ERIK HAYDEN
Staff Writer
I hold a distinctly romantic view of the 1960s. Larger-than-life events and figures emerged: the saintly crusade of Martin Luther King, the arrogant paranoia of Nixon, the hope that emanated from President John F. Kennedy. To me, all of the crusades, coalitions, protests and assassinations combine to form an archetypal struggle of the people vs. the man, of grassroots resistance and mechanized horror, of the Summer of Love, and of the Birmingham race riots.
These thoughts swirled in my mind when I looked at the information given by a group called answerla.org that vowed to “shut down the war machine” and entreated me to “join the student campaign to stop the war.” They were staging a major war protest on March 15 at the intersection of Hollywood and Vine to mark the fifth year of the Iraq war. I decided to march with the protesters. I imagined it as if I was going to step into my own romanticized newsreel of 60s protest footage. But this was real, our own generation’s external struggle.

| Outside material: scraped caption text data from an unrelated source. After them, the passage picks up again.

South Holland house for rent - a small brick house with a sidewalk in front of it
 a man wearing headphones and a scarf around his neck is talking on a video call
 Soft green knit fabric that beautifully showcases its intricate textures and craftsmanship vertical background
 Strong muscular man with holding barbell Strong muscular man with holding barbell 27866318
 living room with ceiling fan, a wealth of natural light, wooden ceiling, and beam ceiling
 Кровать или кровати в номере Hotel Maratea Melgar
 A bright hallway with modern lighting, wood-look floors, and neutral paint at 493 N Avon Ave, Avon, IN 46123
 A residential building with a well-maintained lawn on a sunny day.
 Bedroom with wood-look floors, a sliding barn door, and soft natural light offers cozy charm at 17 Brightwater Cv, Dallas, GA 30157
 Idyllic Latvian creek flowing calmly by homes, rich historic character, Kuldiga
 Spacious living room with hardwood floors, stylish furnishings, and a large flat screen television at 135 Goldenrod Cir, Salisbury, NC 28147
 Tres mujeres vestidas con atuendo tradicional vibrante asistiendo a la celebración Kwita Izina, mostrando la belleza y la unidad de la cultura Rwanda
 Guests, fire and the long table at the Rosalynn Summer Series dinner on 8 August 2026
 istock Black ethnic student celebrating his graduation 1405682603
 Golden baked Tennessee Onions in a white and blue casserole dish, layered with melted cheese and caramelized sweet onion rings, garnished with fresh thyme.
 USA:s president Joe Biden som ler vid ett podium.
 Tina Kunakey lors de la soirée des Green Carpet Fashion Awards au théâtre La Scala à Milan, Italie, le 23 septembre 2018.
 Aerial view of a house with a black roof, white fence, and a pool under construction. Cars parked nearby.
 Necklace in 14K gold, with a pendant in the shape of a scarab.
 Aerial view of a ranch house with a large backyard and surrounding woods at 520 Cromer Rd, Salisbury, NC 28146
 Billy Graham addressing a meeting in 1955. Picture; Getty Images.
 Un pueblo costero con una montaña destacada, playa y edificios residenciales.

Stepping on to the streets of Hollywood snapped me back to reality with the first glance at the protesters. A man dressed as a prisoner of Abu-Ghraib, bound and gagged, was the center of the procession. As the protesters gathered it was easy to see the diversity of the marchers — there were hopeful students, aging hippies, radical socialists, communists, green peace activists, clowns (literally), free-Palestine activists, Ron Paul supporters, costumed vagrants, and resident answerla.org activists. At first it seemed as if the protest was merely just a convention of radicals from across the political spectrum. But it was peaceful, respectful and relevant.
As we listened to the opening speeches before the beginning of the march from Hollywood and Vine to the CNN building, I could hear the hubbub of discussion and flow of opinions from stranger to stranger. For a brief moment, Los Angeles rose from its slumber to pay homage to the lives lost in our five years in Iraq.
The discussion paved the way to chanting during the seemingly endless speeches before the actual march to the CNN building. Some aging protesters were already starting to complain about the noise, the repetition of the “end war now” chants, and the time spent standing on one’s feet. One grumbled, “This isn’t a march, it’s a stand.” The grumbling by the aging hippies brought a wry smile to my face.
As the march began and the ranks of the thousands of protesters swelled, a union bonded the activists, students, radicals and whackos. We moved together as of a single mind even though we were built of a vast and radically different coalition of people. As we approached the CNN building, the press took pictures and gawkers looked on, but the steady march continued until we came to a halt before the steps of the building. It’s true this protest of several thousand probably did not even register as a blip on the national consciousness. But as a member of a generation that declares its views by the click of a mouse, marching was my physical affirmation of political principle.
Although our protesting style may echo our parent’s generation we must have a new rationale for our protest. The reasoning is not so simple and the logic is not clear-cut for this war. We live in an age of spin and deception.
Ask any five people and they will tell you five different reasons why they think the war began. Was it because of WMD’s? Was it about oil? Was it about ending the brutal strong-arming of Saddam Hussein? Was it to “take the fight to Al-Qaeda?” These questions are not easily transformed into a simplistic narrative for the Iraq storyline.
During the Vietnam War the logic seemed stark — the troops are unwilling, the draft must go, and the fight against communism is not directly related with the killing in Vietnam. Today’s protesters must similarly be able to sum up the rationale for ending the war by bringing to bear the harsh realities of today, or else we will become caricatures of our parent’s generation.